Association of baseball writers

The National Collegiate Baseball Writers Association (NCBWA) is an association of baseball writers, broadcasters, and publicists in the United States. It was founded in 1962.

The NCBWA compiles a preseason ranking of the top 30 teams in the nation, as voted on by its members. In addition, weekly rankings of the top 25 teams are released throughout the season and after the College World Series. Bo Carter serves as executive director of the NCBWA while Mike Montoro is senior associate executive director along with associate executive director Ryan Bomberger, associate executive director Malcolm Gray and assistant executive director Russell Luna.

The NCBWA awards NCBWA preseason All-American awards, the Dick Howser Trophy (Player of the Year), Coach of the Year, regional Players of the Year awards, and All-American awards.

==National Coach of the Year==

The NCBWA's coach of the year award was re-named in 2020 after Florida State baseball coach Mike Martin.

Coach of the Year
| Season | Coach | Team |
|---|---|---|
| 2008 | Mike Batesole | Fresno State |
| 2009 | Brian O'Connor | Virginia |
| 2010 | Jim Schlossnagle | TCU |
| 2011 | David Esquer | California |
| 2012 | Matt Senk | Stony Brook |
| 2013 | Tracy Smith | Indiana |
| 2014 | Mike Gillespie | UC Irvine |
| 2015 | Paul Mainieri | LSU |
| 2016 | Gary Gilmore | Coastal Carolina |
| 2017 | Pat Casey | Oregon State |
| 2018 | Gary Henderson | Mississippi State |
| 2019 | Erik Bakich | Michigan |
| 2020 | no selection due to COVID-19 pandemic |  |
| 2021 | Tony Vitello | Tennessee |
| 2022 | Link Jarrett | Notre Dame |
| 2023 | Ryan Folmar | Oral Roberts |
| 2024 | Nick Mingione | Kentucky |
| 2025 | Dan Skirka | Murray State |

==Wilbur Snypp Award==

The NCBWA's Russell D. Anderson/Wilbur Snypp Award for contributions to college baseball plaque memorializes longtime Ohio State sports information director and NCBWA founder Wilbur (Bill) Snypp.
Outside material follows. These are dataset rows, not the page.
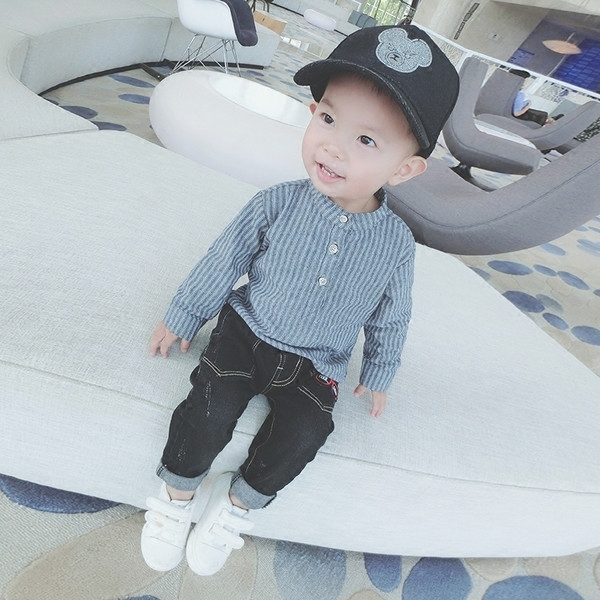 Спортно-елегантна детска риза за момчета на райе в два цвята с копчета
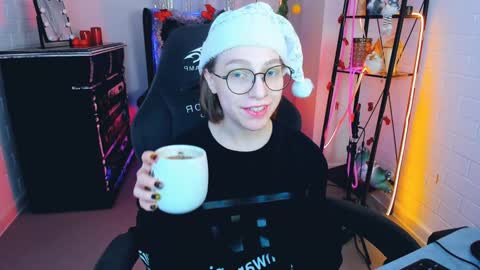 APHEX QUEEN online show from 25, 12, 2024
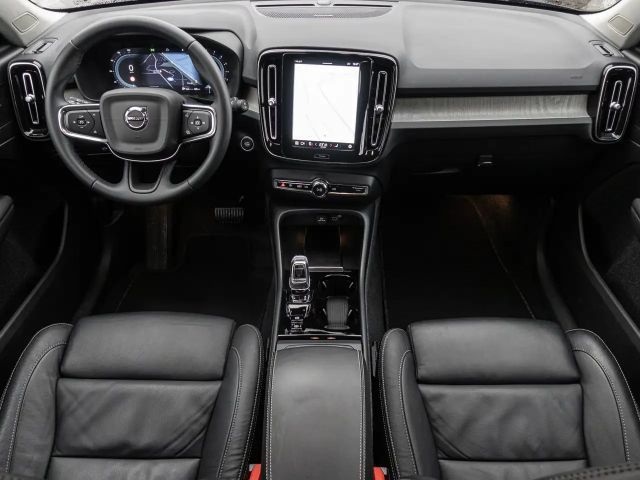 Volvo XC40 Dark Plus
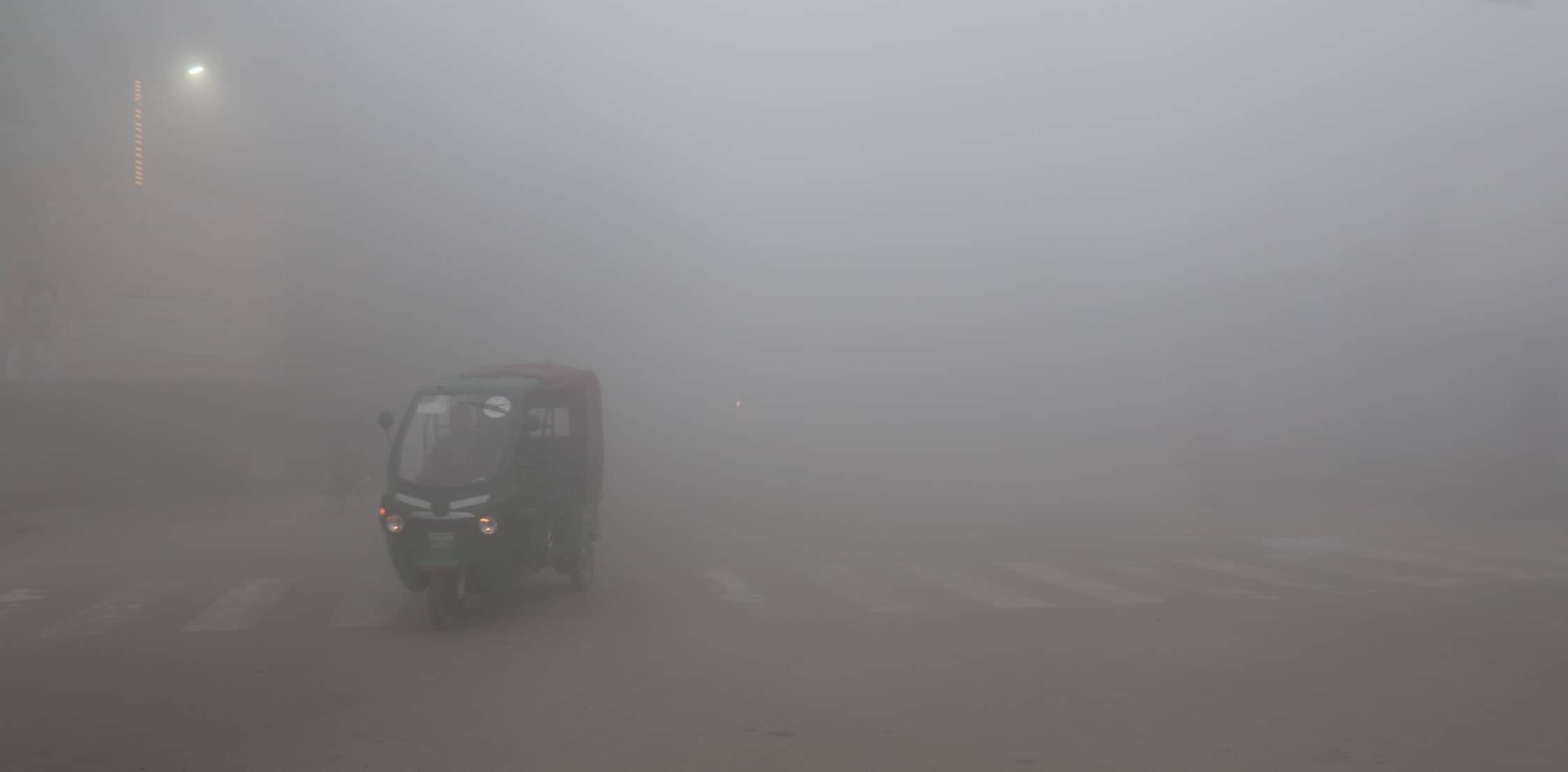 मंगलवार सुबह टाउनहॉल में छाया घना कोहरा। संवाद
Snypp was a noted contributor to the writers' organization, which began in 1962, as well as an officer in the group. In 2021, the association added Russell D. Anderson's name to the award, honoring its longtime treasurer and associate executive director. The annual award honors a professional for contributions to college baseball. Voting is conducted by a panel of previous winners, who include past NCAA College World Series directors, College Sports Information Directors of America Hall of Fame members, media members, and others.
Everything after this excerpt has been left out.